FHC e a “direita”
Alguns leitores me pedem que comente o primeiro parágrafo do artigo de FHC. De certo modo, já comentei naquele texto imenso da madrugada. Mas vamos lá: O presidente Lula passa por momentos de euforia que o levam a inventar inimigos e enunciar inverdades. Para ganhar sua guerra imaginária distorce o ocorrido no governo do antecessor, […]
Alguns leitores me pedem que comente o primeiro parágrafo do artigo de FHC. De certo modo, já comentei naquele texto imenso da madrugada. Mas vamos lá:
O presidente Lula passa por momentos de euforia que o levam a inventar inimigos e enunciar inverdades. Para ganhar sua guerra imaginária distorce o ocorrido no governo do antecessor, autoglorifica-se na comparação e sugere que se a oposição ganhar será o caos. Por trás dessas bravatas estão o personalismo e o fantasma da intolerância: só eu e os meus somos capazes de tanta glória. Houve quem dissesse: “O Estado sou eu.” Lula dirá: “O Brasil sou eu!” Ecos de um autoritarismo mais chegado à direita.
Comento
FHC não fez, de fato, um governo de esquerda. Ele também não foi de direita. As políticas que assistem os mais pobres, hoje reunidas no Bolsa Família, já disse, não integram nenhum receituário do esquerdismo. As “privatizações”, por seu turno, não são necessariamente matéria de ideologia — ou Ernesto Geisel, que fez o contrário, seria o nosso maior comunista; o general foi o maior criador de estatais — atenção! — DO MUNDO! De certo modo, estamos de volta a um geiselismo, agora gerenciado pela nova classe social, a burguesia do capiutal alheio.

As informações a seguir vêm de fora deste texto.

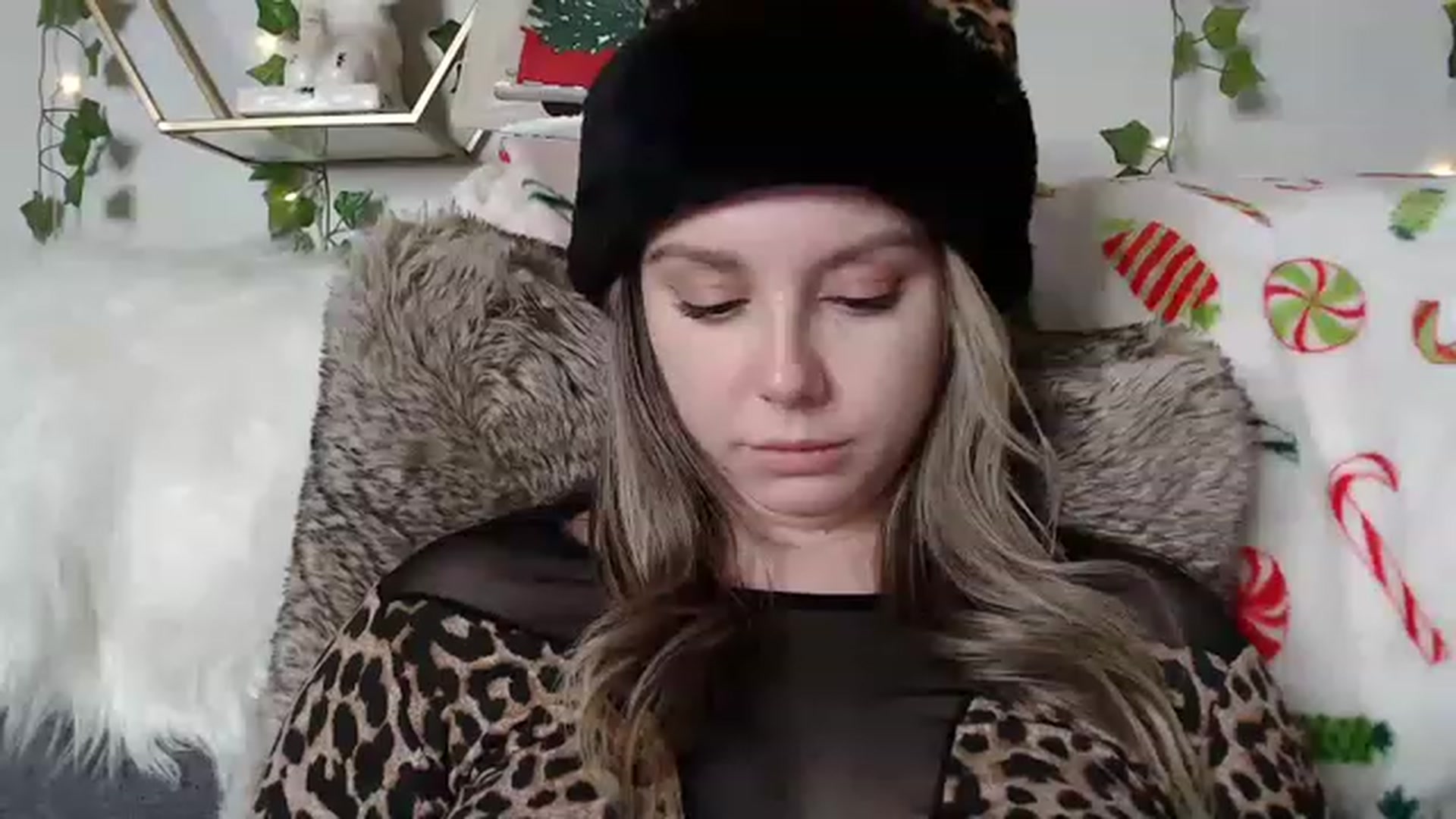 Gallery image thumbnail from MariahKay's myfreecams stream on, 12/11/2022, 22:31 image 13 of 20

Não obstante, os tucanos têm, como chamarei?, vínculos afetivos com a esquerda. A afirmação de FHC segundo a qual Lula ecoa um “autoritarismo mais chegado à direita” é, entendo, despropositada. Porque se atém, no máximo, às aparências: governos de direita seriam mais personalistas — como os vários fascismos europeus deixariam claro — do que governos de esquerda. Trata-se de uma formulação fraca, mal pensada.
O Getúlio cantado em prosa e verso pelas esquerda é justamente o Getúlio fascistóide, e FHC sabe muito bem disso. “A URSS sou eu” é uma frase que Stálin poderia ter dito sem fazer qualquer injustiça aos fatos. Churchill, um “direitista”, teve o papel que se conhece na resistência ao nazi-fascismo. A frase de FHC pode até ter seu charme quando se trata de provar que o governo Lula não é, vá lá, SÓ de esquerda. Mas atenção! As suas virtudes estão justamente nas ações que NÃO SÃO DE ESQUERDA. POR QUE O GOVERNO LULA NÃO PODE SER CHAMADO DE RUIM POR AQUILO QUE TEM DE ESQUERDISTA?
O artigo ajuda, nesse particular, a espalhar um preconceito que tem feito mal ao Brasil e à política. A chamada “direita” é satanizada por princípio, e, pois, basta que alguém fale em nome de valores supostamente progressistas ou que esteja ligado a partidos de esquerda para que seja considerado, também em princípio, digno.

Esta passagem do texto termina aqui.